Build Environment and Scripts

Specs can set:

  • build-env -- key/value environment variables applied to both dpkg --configure and build-script.
  • build-script -- a bash script executed after package configuration. Scripts from extends are executed in order (base -> derived).

Use rdebootstrap edit env / rdebootstrap edit script to edit these fields.

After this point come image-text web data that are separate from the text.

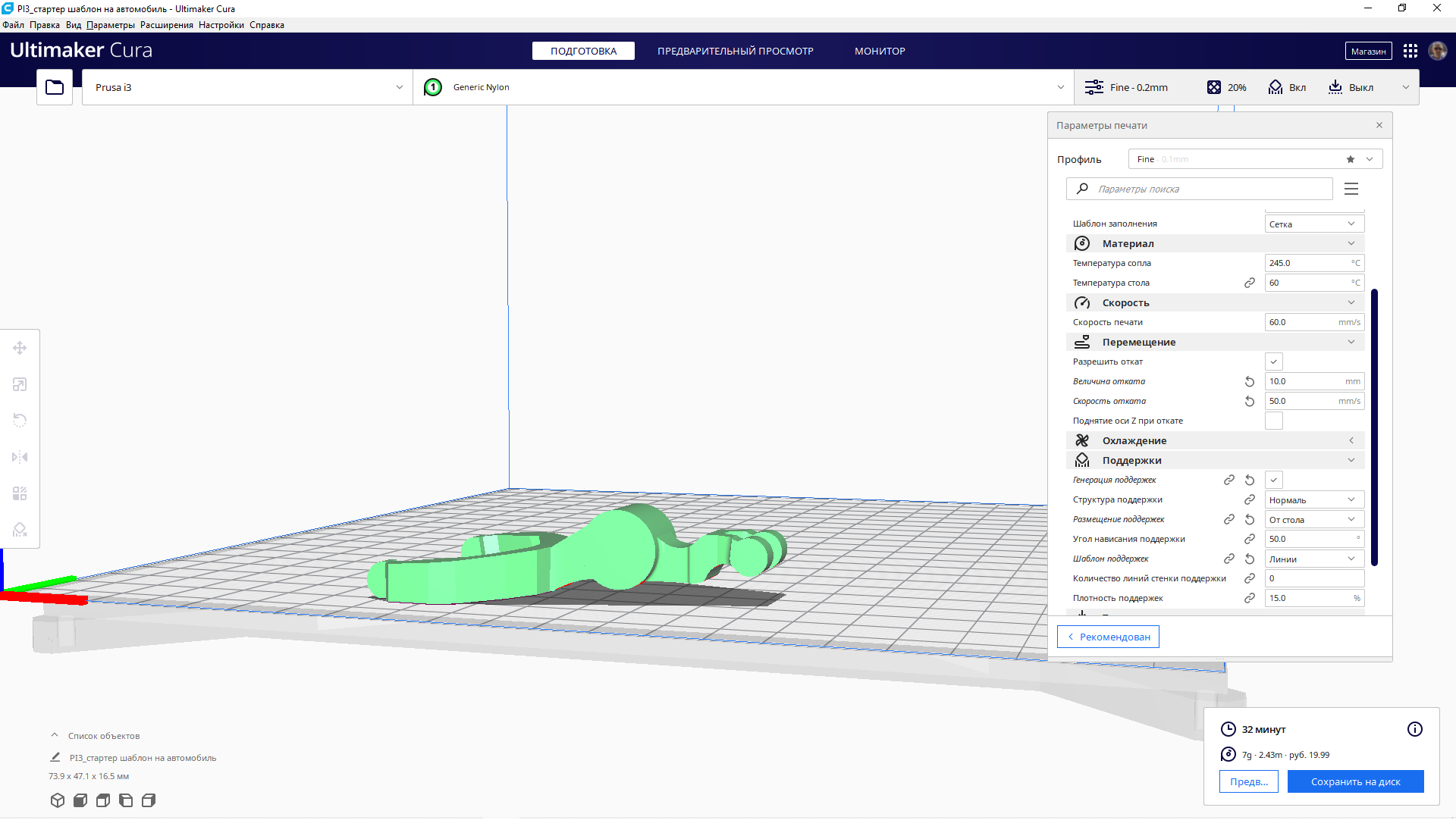 Başlangıç ​​Mitsubishi Montero 3 2004. (Plastik Aparattır!!!)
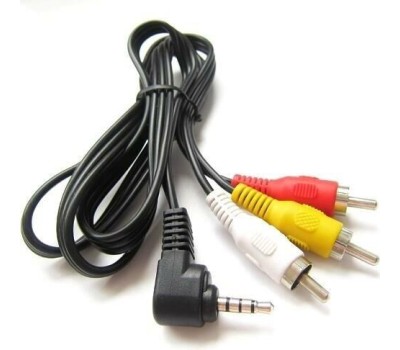 Кабель RCA REXANT (17-4412-4) ШНУР СТЕРЕО 3,5 ММ 4C - 3 RCA, ДЛИНА 1,5 МEТРА (GOLD)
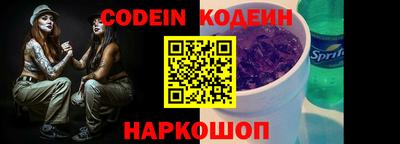героин Кингисепп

rdebootstrap build supports --executor sandbox (default) and --executor podman. The executor matters mainly for rootless runs: sandbox uses the built-in helper, while podman runs configuration inside podman run --rootfs ... (which may require a working rootless podman environment such as a valid XDG runtime directory).

CLI Tour

  • init -- bootstrap a manifest from vendor presets (debian, ubuntu, devuan), explicit archives, or --import <path> from another locked manifest.
  • import -- add or replace [import] using another already-locked manifest and export selected named parent specs.
  • edit -- edit the manifest (rdebootstrap edit) or spec metadata (edit env, edit script).
  • archive add, deb add -- append repositories or register a local .deb.
  • require / forbid -- add requirements or version constraints to a spec.
  • remove -- remove requirements or constraints (drop remains an alias).
  • artifact add -- define, add, or remove staged artifacts.
  • spec artifact add / remove -- add or remove an artifact from the spec.
  • update -- refresh metadata, solve dependencies, and rewrite the lock file (supports --snapshot; --locals refreshes local packages, local artifacts, and stored import fingerprints when [import] is present).
  • list, search, spec, package, source -- inspect resolved specs and package/source metadata.
  • build -- expand a spec into a directory, running maintainer scripts within the sandbox helper.

Authentication

  • -a/--auth selects the auth source: omit for optional auth.toml next to the manifest, use file:/path/to/auth.toml (or just a path), or vault:<mount>/<path> to read secrets from Vault.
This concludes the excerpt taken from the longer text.